Было, было что-то неверное, неуловимо неправильное в формуле глухого провинциала-самородка. Еще тогда, в девятьсот третьем, читая его «Исследование мировых пространств реактивными приборами», Профессор понял, какие грандиозные возможности откроются перед человечеством при должном подходе. Тогда же ухватил он своим внутренним научным чутьем пробел, малый, но очевидный для него, Профессора, просчет. В формуле не хватало легкого, завершающего штриха, связывающей нити между скоростью истечения продуктов сгорания из сопла ракетного двигателя, стартовой массой ракеты и ее массой без топлива на активном участке траектории.

Мысль эта не давала Профессору житья, стала занимать его целиком.

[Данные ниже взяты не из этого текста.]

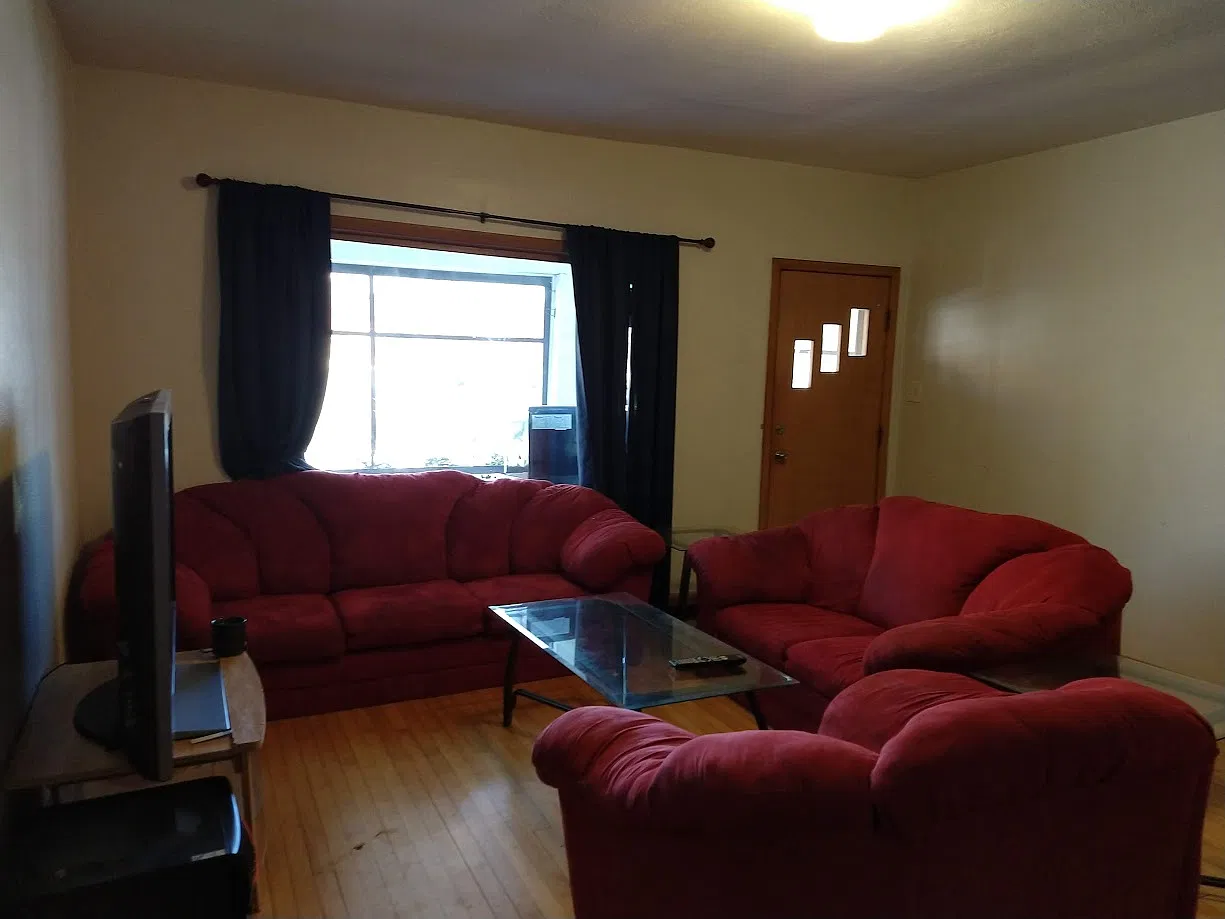 3 bed, 1200 sqft, $1,464 — Photo 4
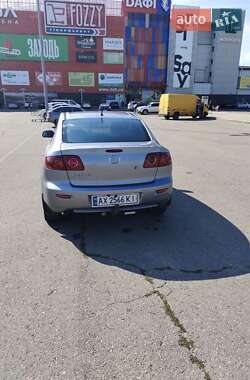 Седан Mazda 3 2004 в 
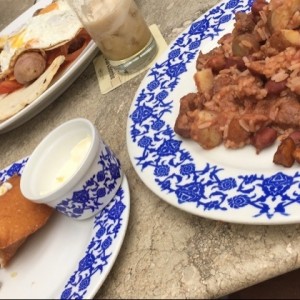 calentado, arepa de huevo, bisteck a caballo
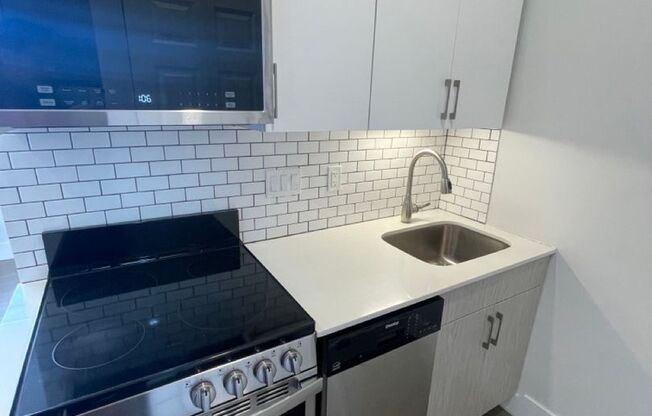 Avl NOW No Fee! Sunny 1BR with city skyline views, w/d in unit!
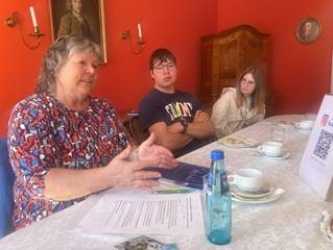 Martina Braun (Bündnis 90/Die Grünen) besucht Zinzendorfschulen am EU-Projekttag 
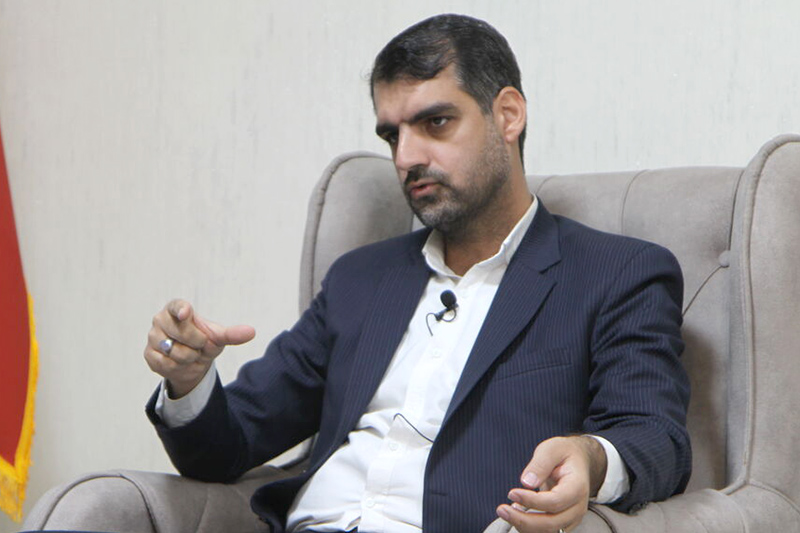 نماینده قم خطاب به وزیر کار: رئیس شستا را از کدام قوطی کبریت پیدا کرده‌اید؟ 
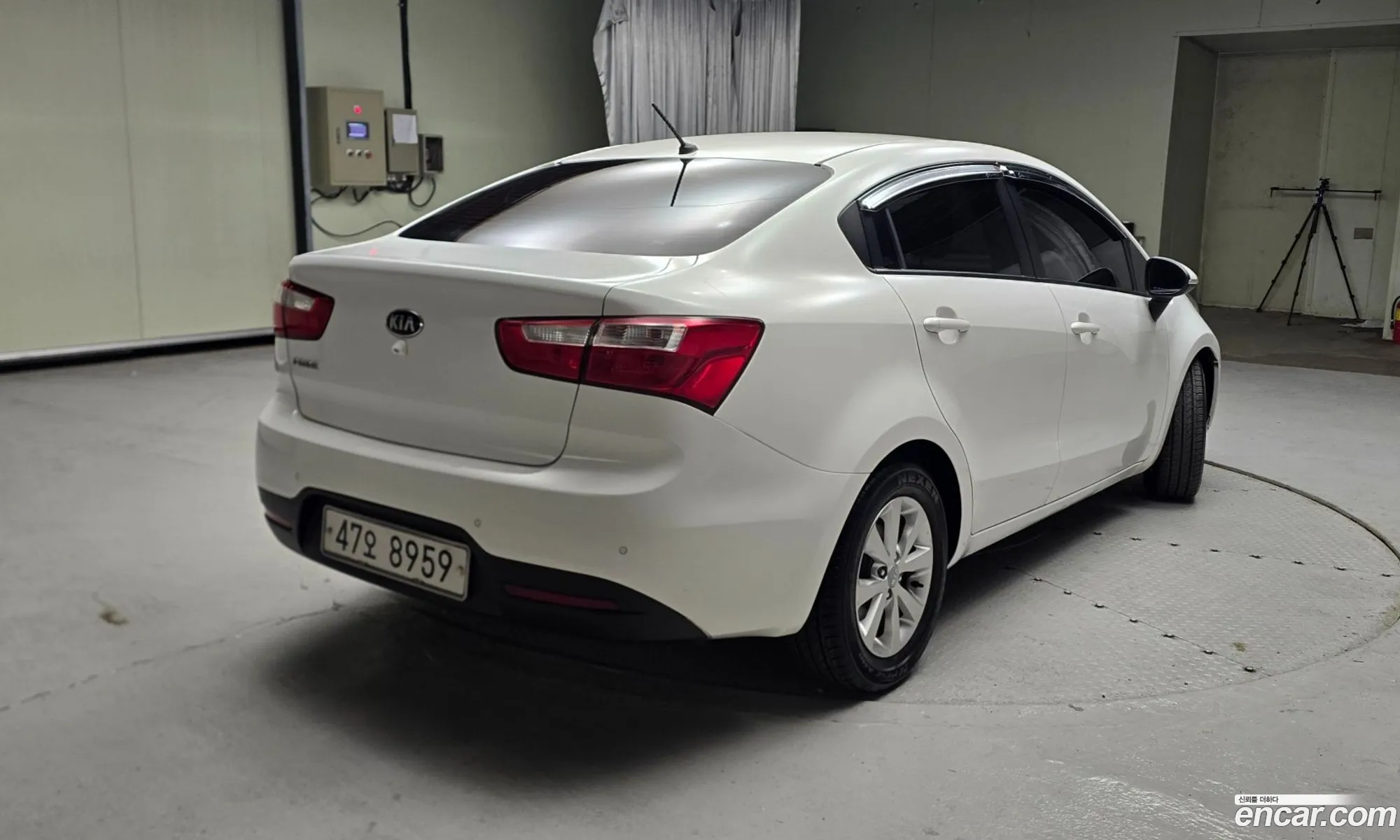 Kia Pride 2014 — 5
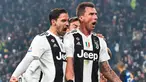 Striker Juventus, Mario Mandzukic berselebrasi bersama rekan-rekannya usai mencetak gol ke gawang Inter Milan pada lanjutan Liga Serie A Italia di Allianz stadium, Turin (7/12). Juventus menang tipis atas Inter Milan 1-0. (Andrea Di Marco/ANSA via AP)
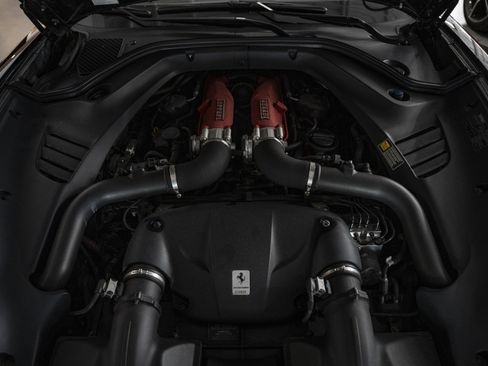 Used 2015 Ferrari California T image 44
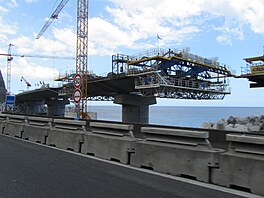 Obrovskou �ást rozpo�tu spolykala u� samotná skute�nost, �e výstavba probíhá...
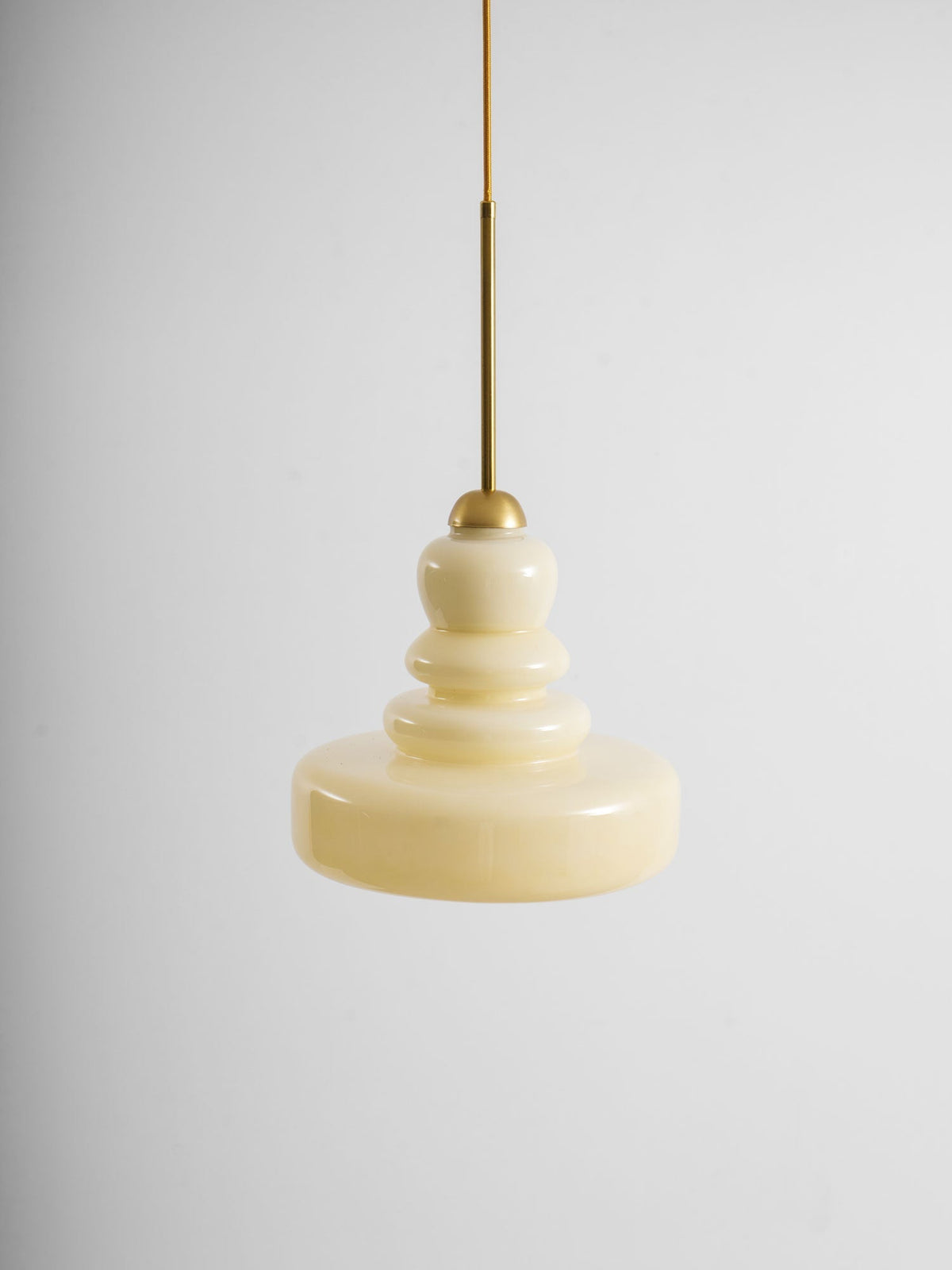 Lampada a sospensione in vetro stile schoolhouse — Illuminazione moderna classica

Он забросил преподавать, продал все ценное и съехал на Охту, в одноэтажный угрюмый дом с обширным подполом.

Профессор был так увлечен этой идеей, что кровавые события октября не смогли достучаться до него сквозь узкое оконце его подпольной лаборатории. Революция не заметила исхудавшего человека с фанатичным блеском в глазах. Приняла за своего. Позже, правда, она исправила ошибку, и люди в кожаных пальто долго держали кнопку дверного звонка. Но тогда, когда в испытаниях появились первые результаты, Советская Власть прошла мимо Профессора. Он тоже не заметил ее, он мчался в Калугу, прижимая к груди савьенский портфель желтой кожи.

Константин Эдуардович не удостоил Профессора вниманием. Ни лично, ни в переписке. И это тогда, когда Советы перестраивали мир, когда им еще не было дела до внеземных станций, газовых рулей, кислородно-водородных топливных паров и сил сопротивления воздушной оболочки Земли. Чего уж говорить о том, как высоко задралась борода сына лесничего после двадцать третьего, когда немец Оберт признал его основателем теории космического полета.

Вышедшая в двадцать девятом «Космические ракетные поезда» поразила Профессора в самое сердце. Она была страшнее, чудовищнее, чем наводнение. Самоучка все же читал его письма. Профессор исписал три листа гневными строками, но в Москву их так и не отправил. Он еще крепче сжал зубы и глубже погрузился в работу.

Шаг за шагом Профессор приближался к решению задачи. Он даже выбрал букву греческого алфавита, которой назовет искомое число. Красивую и строгую, как вытянувшийся во фрунт солдат, букву, созвучную его, Профессора, фамилии. Но цифры ускользали от древней каппы, не давали пригвоздить себя копьями знака равенства.

Профессор искал и искал зависимость. Он делал это даже во сне, беспокойном и горячечном. Делал это, пока звучал длинный звонок в парадном, пока шел процесс, тогда, в тридцать втором, когда глухой сын лесничего получил орден Трудового Красного Знамени, а Профессор — десять лет лагерей. И после — в тюрьме и на этапе, на узких полках вагонзака, Профессор прокручивал раз за разом результаты, полученные в душной от плесени лаборатории на Охте. Ему все так же не хватало каппы, константы, отделяющей его от универсального уравнения, работы всей жизни. Зависимости, позволяющей отбросить гравитацию и сделать реальностью космические ракетные поезда. Малости, ради которой он готов был проводить годы возле аэродинамической трубы, ставя тысячи, десятки тысяч экспериментов. Малости, которую получить в его теперешнем положении не представлялось никакой возможности.